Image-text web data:
──────────

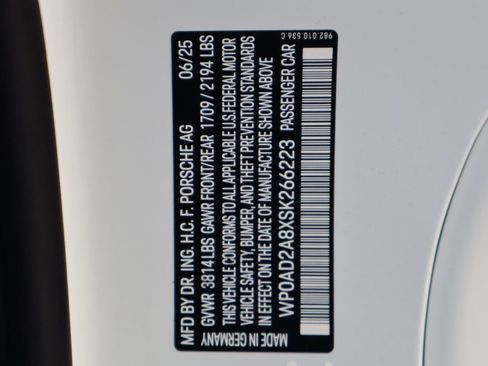 Certified 2025 Porsche 718 Cayman GT4 image 28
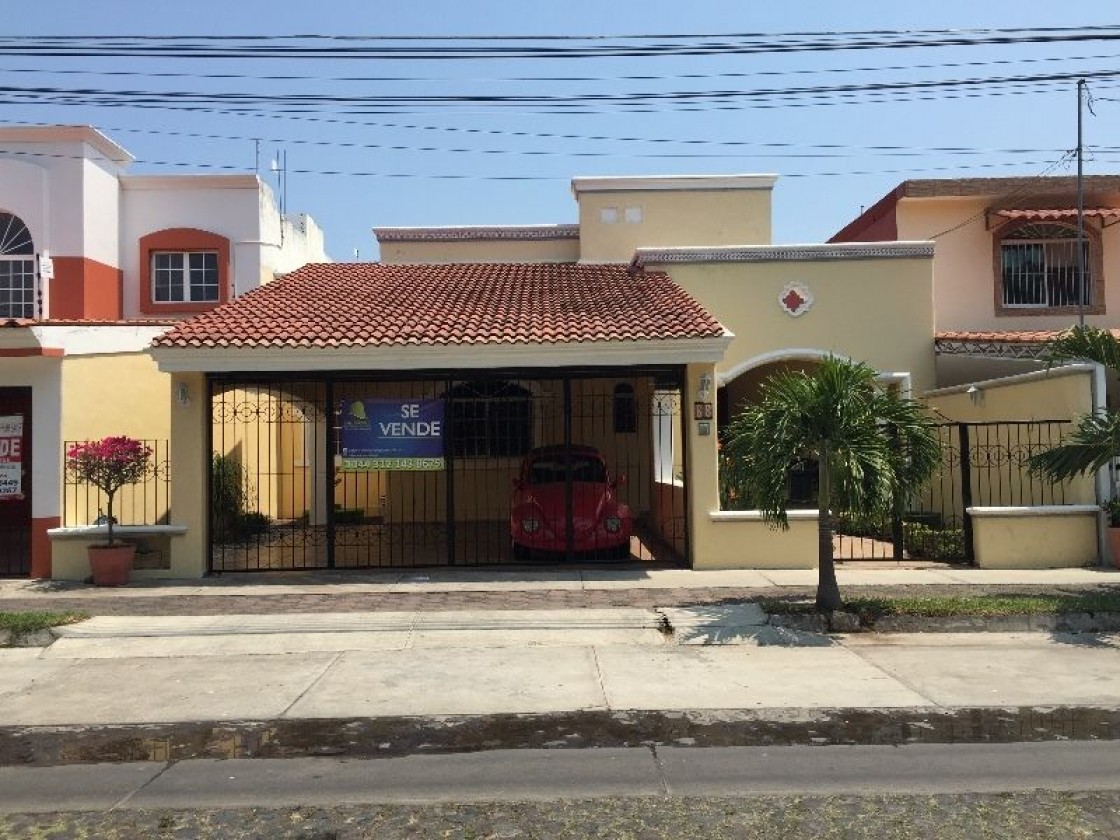 EXCELENTE UBICACIÓN & OPORTUNIDAD en Colima, Colima 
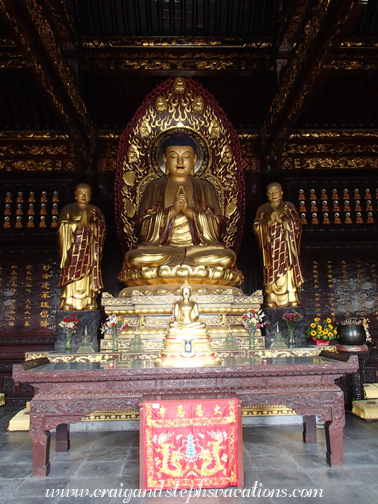 Buddhist shrine at Wild Goose Pagoda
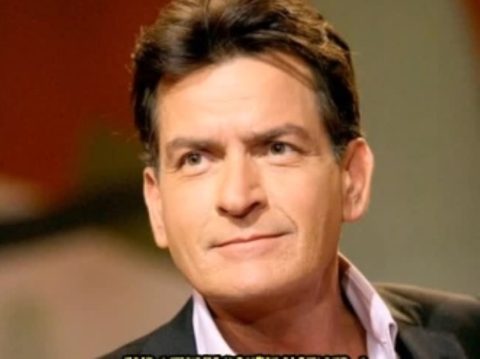 Чарли Шин ја има најконтроверзната лична животна приказна во Холивуд: Од најголем заводник и најплатен актер, до самотник без пари и со тешка болест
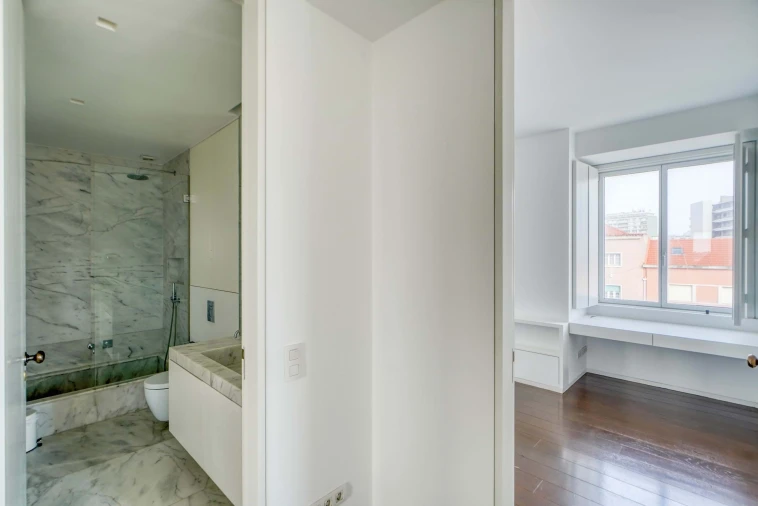 Apartamento T4 para Arrendamento em Campo de Ourique Foto 36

──────────

Work item. Word for word, restate all of the entries above and leave each picture out.

Exercise result.
 Certified 2025 Porsche 718 Cayman GT4 image 28
 EXCELENTE UBICACIÓN & OPORTUNIDAD en Colima, Colima 
 Buddhist shrine at Wild Goose Pagoda
 Чарли Шин ја има најконтроверзната лична животна приказна во Холивуд: Од најголем заводник и најплатен актер, до самотник без пари и со тешка болест
 Apartamento T4 para Arrendamento em Campo de Ourique Foto 36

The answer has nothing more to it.